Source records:
________

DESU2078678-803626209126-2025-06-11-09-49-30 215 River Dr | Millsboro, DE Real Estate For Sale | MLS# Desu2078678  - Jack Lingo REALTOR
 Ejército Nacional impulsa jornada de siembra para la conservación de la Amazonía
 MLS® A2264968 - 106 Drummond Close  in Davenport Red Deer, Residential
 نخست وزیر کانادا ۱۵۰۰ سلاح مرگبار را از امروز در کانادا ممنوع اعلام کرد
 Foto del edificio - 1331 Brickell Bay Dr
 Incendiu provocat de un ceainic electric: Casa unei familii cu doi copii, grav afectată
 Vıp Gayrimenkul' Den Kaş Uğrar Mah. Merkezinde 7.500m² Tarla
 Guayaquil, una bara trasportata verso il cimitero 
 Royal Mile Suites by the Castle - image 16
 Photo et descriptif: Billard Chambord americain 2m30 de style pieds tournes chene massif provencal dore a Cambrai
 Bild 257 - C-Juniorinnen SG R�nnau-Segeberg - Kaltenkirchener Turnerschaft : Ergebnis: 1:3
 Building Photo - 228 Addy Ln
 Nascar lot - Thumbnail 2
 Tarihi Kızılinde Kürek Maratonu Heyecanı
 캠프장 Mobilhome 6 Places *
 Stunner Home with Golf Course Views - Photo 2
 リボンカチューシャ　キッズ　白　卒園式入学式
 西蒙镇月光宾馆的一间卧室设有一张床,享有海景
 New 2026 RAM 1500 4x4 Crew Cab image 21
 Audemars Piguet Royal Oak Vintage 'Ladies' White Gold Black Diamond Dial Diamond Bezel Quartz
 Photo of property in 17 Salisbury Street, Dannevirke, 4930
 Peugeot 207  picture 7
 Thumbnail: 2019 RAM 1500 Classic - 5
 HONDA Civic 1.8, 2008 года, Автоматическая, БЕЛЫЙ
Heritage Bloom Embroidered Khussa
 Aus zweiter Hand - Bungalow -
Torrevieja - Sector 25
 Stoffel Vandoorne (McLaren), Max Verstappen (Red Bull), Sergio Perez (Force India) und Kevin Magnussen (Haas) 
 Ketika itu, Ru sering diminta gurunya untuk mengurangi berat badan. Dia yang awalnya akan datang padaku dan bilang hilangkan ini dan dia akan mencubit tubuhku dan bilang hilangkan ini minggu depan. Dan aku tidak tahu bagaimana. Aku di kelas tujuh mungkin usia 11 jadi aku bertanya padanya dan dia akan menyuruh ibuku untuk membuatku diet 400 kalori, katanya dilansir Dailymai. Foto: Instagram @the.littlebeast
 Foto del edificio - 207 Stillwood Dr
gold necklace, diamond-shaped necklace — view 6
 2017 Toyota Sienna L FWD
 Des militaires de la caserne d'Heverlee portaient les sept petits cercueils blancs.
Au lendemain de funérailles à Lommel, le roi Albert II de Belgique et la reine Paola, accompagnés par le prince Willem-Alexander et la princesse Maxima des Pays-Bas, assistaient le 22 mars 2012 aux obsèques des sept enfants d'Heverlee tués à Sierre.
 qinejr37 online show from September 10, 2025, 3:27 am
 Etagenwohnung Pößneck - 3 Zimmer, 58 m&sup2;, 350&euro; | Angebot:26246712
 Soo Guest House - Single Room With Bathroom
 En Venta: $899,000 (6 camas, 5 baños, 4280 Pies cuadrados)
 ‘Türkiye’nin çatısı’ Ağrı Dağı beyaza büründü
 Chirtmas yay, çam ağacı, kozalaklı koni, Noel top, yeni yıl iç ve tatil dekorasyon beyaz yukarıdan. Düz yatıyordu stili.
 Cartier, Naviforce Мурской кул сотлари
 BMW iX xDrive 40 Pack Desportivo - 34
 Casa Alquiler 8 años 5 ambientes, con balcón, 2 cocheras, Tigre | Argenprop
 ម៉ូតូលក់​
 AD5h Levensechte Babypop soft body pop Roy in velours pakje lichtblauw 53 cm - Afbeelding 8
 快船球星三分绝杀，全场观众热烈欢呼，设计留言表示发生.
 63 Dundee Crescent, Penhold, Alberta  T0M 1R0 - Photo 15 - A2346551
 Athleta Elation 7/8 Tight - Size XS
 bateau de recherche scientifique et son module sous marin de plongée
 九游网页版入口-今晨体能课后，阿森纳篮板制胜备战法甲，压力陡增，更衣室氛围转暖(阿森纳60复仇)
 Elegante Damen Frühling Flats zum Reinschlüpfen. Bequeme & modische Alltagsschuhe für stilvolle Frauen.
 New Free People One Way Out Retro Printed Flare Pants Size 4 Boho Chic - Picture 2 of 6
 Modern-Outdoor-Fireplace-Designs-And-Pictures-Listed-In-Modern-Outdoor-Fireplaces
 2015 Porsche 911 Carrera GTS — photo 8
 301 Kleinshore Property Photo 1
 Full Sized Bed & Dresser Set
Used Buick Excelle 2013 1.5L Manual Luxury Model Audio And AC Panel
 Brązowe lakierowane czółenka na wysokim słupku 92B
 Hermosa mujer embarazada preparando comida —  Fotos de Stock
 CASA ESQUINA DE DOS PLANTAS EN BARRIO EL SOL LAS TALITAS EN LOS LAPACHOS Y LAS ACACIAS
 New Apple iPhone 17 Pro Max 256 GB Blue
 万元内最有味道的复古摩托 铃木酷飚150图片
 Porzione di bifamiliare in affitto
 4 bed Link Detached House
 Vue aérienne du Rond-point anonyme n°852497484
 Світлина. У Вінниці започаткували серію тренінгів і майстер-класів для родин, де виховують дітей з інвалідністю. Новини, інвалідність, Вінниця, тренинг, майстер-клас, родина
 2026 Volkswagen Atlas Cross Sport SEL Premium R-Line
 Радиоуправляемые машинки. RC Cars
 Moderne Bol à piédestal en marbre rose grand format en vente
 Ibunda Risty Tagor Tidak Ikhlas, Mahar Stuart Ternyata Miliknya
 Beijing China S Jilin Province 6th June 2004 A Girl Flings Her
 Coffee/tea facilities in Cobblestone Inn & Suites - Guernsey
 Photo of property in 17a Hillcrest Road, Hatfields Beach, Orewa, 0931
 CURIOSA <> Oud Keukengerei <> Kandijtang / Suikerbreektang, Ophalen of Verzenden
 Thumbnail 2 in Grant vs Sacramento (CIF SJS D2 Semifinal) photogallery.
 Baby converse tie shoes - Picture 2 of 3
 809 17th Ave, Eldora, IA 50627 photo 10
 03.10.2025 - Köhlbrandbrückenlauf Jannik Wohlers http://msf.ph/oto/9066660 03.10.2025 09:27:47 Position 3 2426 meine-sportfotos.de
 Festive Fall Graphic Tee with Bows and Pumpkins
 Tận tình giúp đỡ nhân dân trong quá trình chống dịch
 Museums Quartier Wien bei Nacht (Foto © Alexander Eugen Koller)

________

If a line above holds the string "edificio", copy it out.

• _RESULT OF THIS TASK_:
 Foto del edificio - 1331 Brickell Bay Dr
 Foto del edificio - 207 Stillwood Dr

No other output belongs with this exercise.